◆ Data in this exercise:
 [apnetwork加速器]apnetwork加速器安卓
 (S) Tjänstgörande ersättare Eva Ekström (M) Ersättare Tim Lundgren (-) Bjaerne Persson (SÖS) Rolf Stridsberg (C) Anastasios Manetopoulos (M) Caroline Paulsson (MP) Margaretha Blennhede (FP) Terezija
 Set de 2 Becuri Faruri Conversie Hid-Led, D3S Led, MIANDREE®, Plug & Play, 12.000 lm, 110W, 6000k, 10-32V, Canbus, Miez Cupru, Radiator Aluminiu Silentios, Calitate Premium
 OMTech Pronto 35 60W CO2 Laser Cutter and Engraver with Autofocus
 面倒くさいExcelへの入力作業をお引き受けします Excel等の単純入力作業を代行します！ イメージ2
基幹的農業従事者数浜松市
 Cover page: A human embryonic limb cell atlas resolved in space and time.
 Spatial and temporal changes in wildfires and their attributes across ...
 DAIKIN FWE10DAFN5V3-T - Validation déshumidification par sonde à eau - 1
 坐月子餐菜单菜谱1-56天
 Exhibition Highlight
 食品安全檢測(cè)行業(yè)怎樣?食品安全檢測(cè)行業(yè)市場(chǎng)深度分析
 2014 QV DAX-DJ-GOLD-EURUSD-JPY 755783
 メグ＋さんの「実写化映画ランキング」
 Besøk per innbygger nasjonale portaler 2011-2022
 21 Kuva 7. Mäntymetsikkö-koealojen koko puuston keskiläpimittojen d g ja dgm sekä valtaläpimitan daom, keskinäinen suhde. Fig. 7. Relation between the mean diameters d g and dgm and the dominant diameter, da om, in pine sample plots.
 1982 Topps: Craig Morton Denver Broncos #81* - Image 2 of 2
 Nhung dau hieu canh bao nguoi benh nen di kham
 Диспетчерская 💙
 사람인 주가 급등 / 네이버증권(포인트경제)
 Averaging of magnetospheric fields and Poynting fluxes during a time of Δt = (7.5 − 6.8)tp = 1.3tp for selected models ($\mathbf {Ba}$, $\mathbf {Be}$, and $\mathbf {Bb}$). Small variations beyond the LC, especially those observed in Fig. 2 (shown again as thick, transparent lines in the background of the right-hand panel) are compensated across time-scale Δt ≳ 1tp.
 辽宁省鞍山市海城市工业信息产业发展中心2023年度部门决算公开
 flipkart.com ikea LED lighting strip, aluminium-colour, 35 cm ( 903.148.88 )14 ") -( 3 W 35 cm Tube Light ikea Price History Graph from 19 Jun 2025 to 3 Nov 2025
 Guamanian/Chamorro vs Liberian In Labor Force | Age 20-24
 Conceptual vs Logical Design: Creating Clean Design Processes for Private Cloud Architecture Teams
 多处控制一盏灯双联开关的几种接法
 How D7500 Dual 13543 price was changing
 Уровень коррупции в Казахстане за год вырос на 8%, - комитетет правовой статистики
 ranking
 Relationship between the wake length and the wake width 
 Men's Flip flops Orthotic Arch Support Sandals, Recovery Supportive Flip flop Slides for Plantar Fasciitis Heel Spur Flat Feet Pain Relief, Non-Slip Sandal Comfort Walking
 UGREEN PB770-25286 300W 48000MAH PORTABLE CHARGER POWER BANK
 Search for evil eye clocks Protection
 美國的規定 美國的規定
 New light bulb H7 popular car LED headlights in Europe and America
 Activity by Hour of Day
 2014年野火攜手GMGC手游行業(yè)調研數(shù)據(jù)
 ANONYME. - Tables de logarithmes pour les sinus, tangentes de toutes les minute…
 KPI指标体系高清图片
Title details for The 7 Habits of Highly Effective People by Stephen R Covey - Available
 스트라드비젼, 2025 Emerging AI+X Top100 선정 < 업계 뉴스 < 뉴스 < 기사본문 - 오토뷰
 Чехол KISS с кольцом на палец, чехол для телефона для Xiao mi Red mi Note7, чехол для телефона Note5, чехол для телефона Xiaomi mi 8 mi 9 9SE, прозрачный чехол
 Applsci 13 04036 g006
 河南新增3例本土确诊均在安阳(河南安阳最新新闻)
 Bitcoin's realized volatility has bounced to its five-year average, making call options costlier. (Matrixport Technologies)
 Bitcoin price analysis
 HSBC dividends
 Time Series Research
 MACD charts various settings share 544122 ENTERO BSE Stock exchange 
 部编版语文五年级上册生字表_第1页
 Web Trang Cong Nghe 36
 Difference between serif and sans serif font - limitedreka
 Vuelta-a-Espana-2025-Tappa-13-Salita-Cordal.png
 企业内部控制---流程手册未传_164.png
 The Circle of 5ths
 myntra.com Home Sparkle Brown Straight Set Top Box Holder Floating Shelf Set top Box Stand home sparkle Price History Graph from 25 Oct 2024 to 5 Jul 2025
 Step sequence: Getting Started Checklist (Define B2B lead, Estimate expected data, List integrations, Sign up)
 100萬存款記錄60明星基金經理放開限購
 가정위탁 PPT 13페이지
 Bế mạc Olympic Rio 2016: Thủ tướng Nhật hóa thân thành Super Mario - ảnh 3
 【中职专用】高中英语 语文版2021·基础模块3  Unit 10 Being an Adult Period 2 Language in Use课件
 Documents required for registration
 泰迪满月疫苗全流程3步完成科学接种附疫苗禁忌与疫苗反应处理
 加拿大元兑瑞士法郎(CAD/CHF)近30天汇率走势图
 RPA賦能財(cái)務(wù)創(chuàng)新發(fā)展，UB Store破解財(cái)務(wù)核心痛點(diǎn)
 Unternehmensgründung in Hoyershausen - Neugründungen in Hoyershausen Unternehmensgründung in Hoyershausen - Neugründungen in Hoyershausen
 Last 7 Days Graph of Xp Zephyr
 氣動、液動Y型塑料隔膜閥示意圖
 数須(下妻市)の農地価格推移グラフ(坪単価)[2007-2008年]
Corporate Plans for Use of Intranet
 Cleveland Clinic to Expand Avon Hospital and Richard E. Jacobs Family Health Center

◆ Problem to solve: From the listing above, repeat exactly the lines starting at the line that includes "メグ＋さんの「実写化映画ランキング」" and ending at the line that includes "Besøk per innbygger", with nothing outside that span.

◆ Output for this task:
 メグ＋さんの「実写化映画ランキング」
 Besøk per innbygger nasjonale portaler 2011-2022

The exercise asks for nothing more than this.